* [Task brief]: Exactly as written, set down each line of the data below except its pictures.

* [Supplied data]:
○ ○ ○ ○ ○ ○ ○
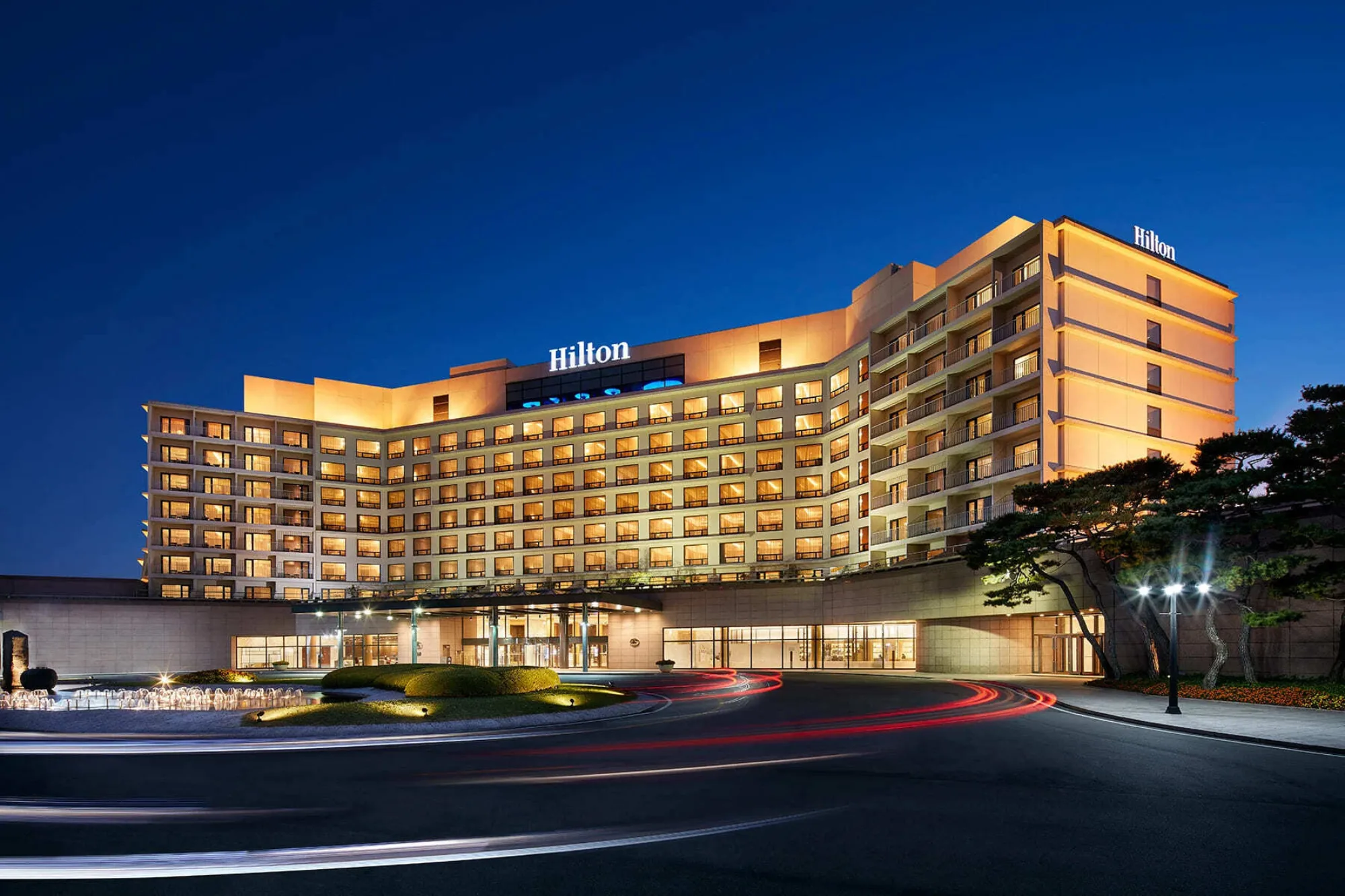 Bowo • Hilton hotels bowo 2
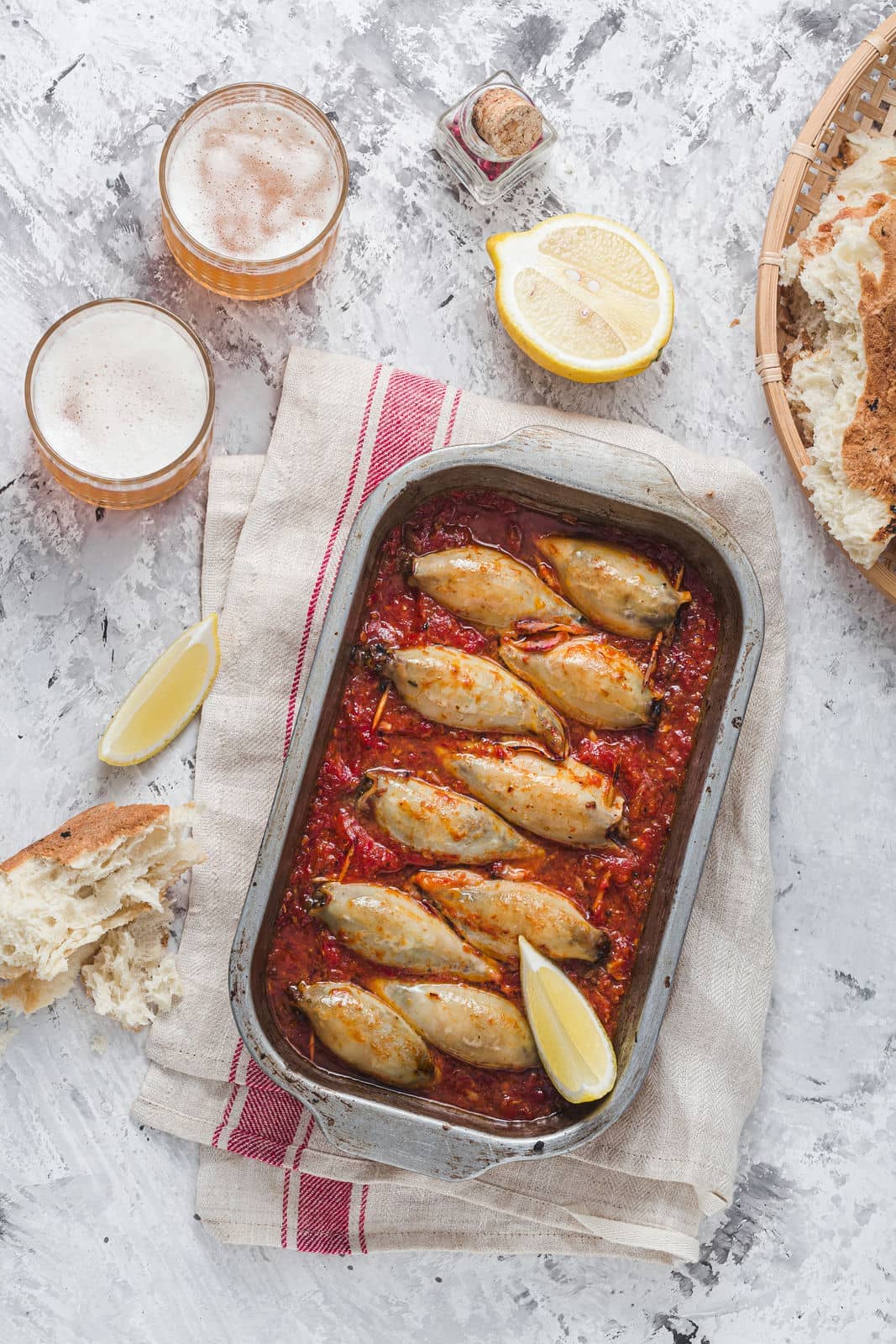 Calamari ripieni al sugo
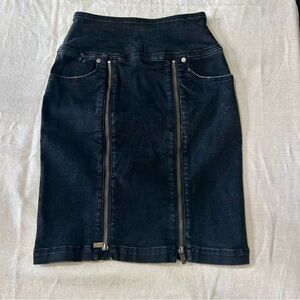 Hugo Boss Orange Black Denim Pencil Skirt Zip Front Detail Size US 2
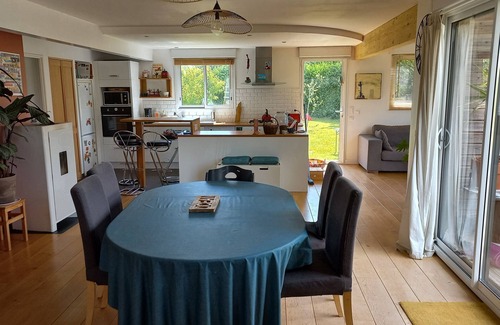 Lampaul-Plouarzel House | Bright wooden house close to the beach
○ ○ ○ ○ ○ ○ ○
* [Task result]:
 Bowo • Hilton hotels bowo 2
 Calamari ripieni al sugo
 Hugo Boss Orange Black Denim Pencil Skirt Zip Front Detail Size US 2
 Lampaul-Plouarzel House | Bright wooden house close to the beach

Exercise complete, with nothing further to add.